Chapter 2

Olivia, the previous year – early on day one

Olivia Michelle Elge is a seventeen-year-old senior at Elkton High School in downtown Elmira, New York. Her bright blue eyes and shoulder length blond hair hint at her Scandinavian heritage, but it is her tall, full-bodied figure, suggestive of another ethnic contribution, that attracts most of the attention from the members of the opposite sex. Her mother, Rosaria (nee: Cavalucci), is a single parent who works the night shift at the Corning Glass Works in the nearby town that bears the name of its economic benefactor. Driving the eighty-four-mile roundtrip to work, five nights a week, is a small price to pay for the comfort of knowing that Olivia and her younger brother, Frankie, each will be able to finish high school and perhaps even attend college.

Olivia, however, has other plans in mind on this crisp November day. Rather than catch the bus that will deposit her safely in front of her school, she has mapped out a different journey. Ever since her first period, she has been planning a way to pursue her goal of becoming the next big runway fashion model. Only her best friend, Linda, has any knowledge of her intentions, and the two have sworn an oath of secrecy, not to be broken under pain of death.

She dresses quickly in a pair of jeans and a green pullover sweater, laces up her tan, waterproof Dunham boots, and reaches under the bed to retrieve the nylon knapsack she packed neatly the night before with jeans and sweatshirts—and a stash of sexy undergarments (mail-ordered and shipped to Linda’s address). She carefully re-examines her makeup and hair, and then satisfied as to her appearance, slips quietly downstairs to the kitchen. Her mother and brother are fast asleep, as she hastily re-heats the pot of coffee left standing on the stovetop since the day before. While the coffee warms, she spreads peanut butter and jelly on slices of bread, slaps pairs together, and slips them into zip-lock bags, to be secreted in a zippered pocket on the outside of her knapsack.

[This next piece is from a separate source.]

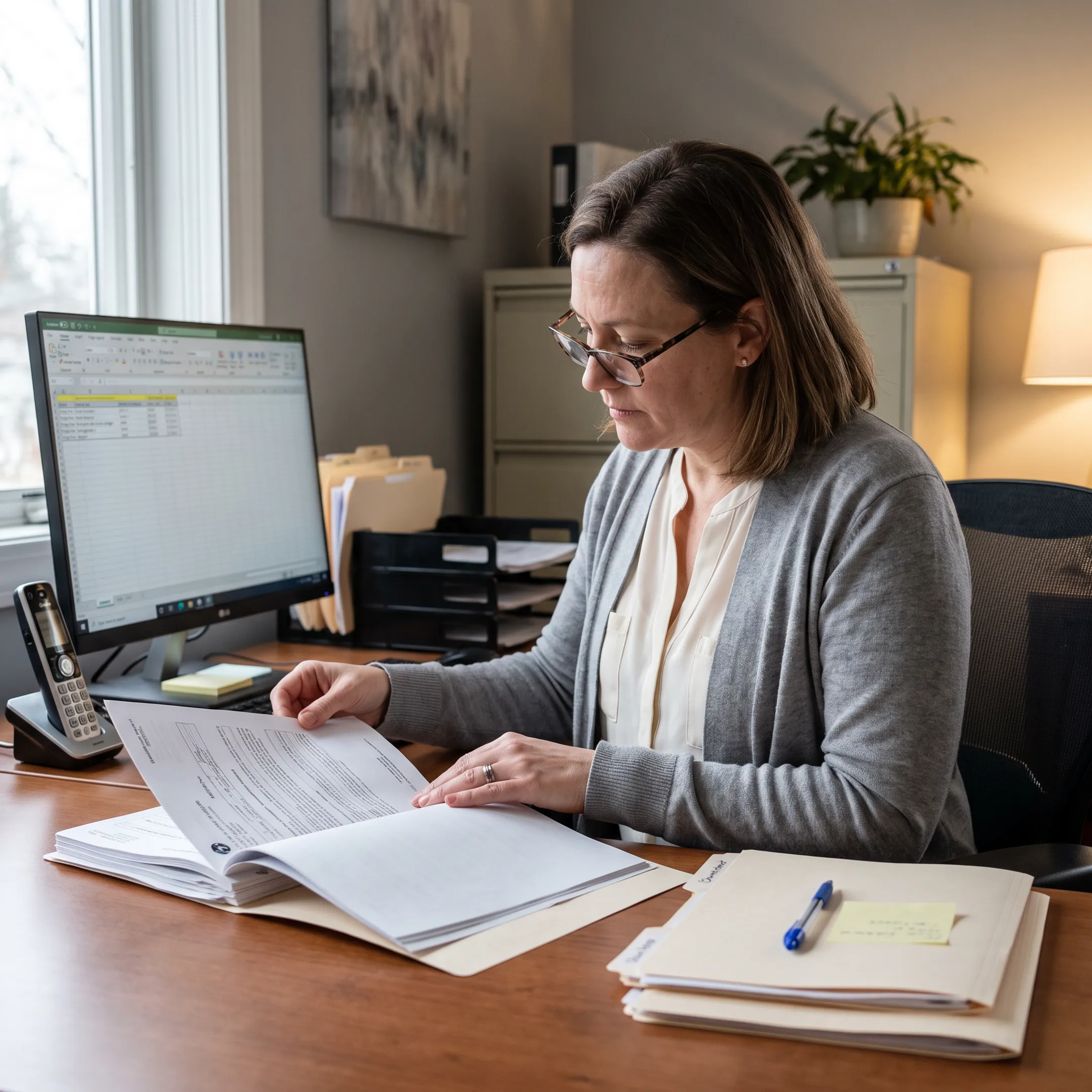 Urology practice staff reviewing referral and prior authorization documents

She scribbles a note to her mother (adding words of love for her brother) and tapes it to the refrigerator door. A few tears moisten the corners of her eyes, but she wipes them away with the back of her hand, takes a deep breath, and continues her preparations for leaving.

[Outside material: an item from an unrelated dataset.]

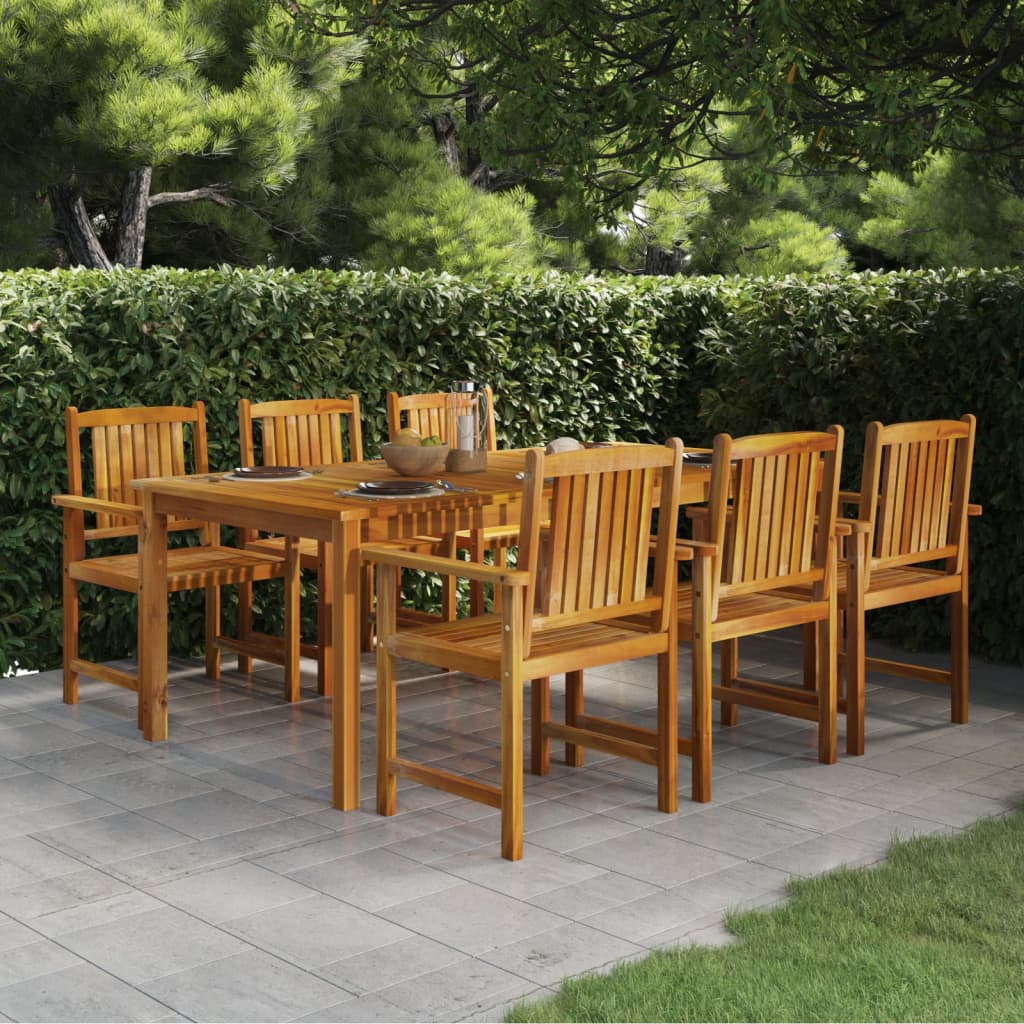 vidaXL Juego de comedor de jardín 7 piezas madera maciza de acacia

Over the last year, Olivia has squirreled away every penny she has earned working part-time at the supermarket and from occasional babysitting jobs. Now, the sum total of nine-hundred and forty-five dollars occupies a “secret” compartment in her faux Louis Vuitton handbag. To her adolescent way of thinking, it is a veritable fortune. She intends to hitchhike her way to New York City and then take a subway to Brooklyn, where she can rent a room at the Greenpoint YMCA. She had hoped to stay at the famous McBurney “Y” in Manhattan, but her Internet research into its rates has convinced her that she’d be better off at the lesser-known residence. She figures it will only be a matter of days before she finds a job waiting tables in Manhattan. And, after that, perhaps a few more weeks or, at most, months, before she’ll be “discovered.”

After nervously gnawing on a day-old bagel and some cream cheese, washed down with a cup of the warmed-up coffee, Olivia Elge slips on her bright red, goose down Northface jacket. She takes one last look over her shoulder at her home, and quietly makes her way out the front door. She is at once excited and scared to death. But, one thing is for certain. There is no turning back.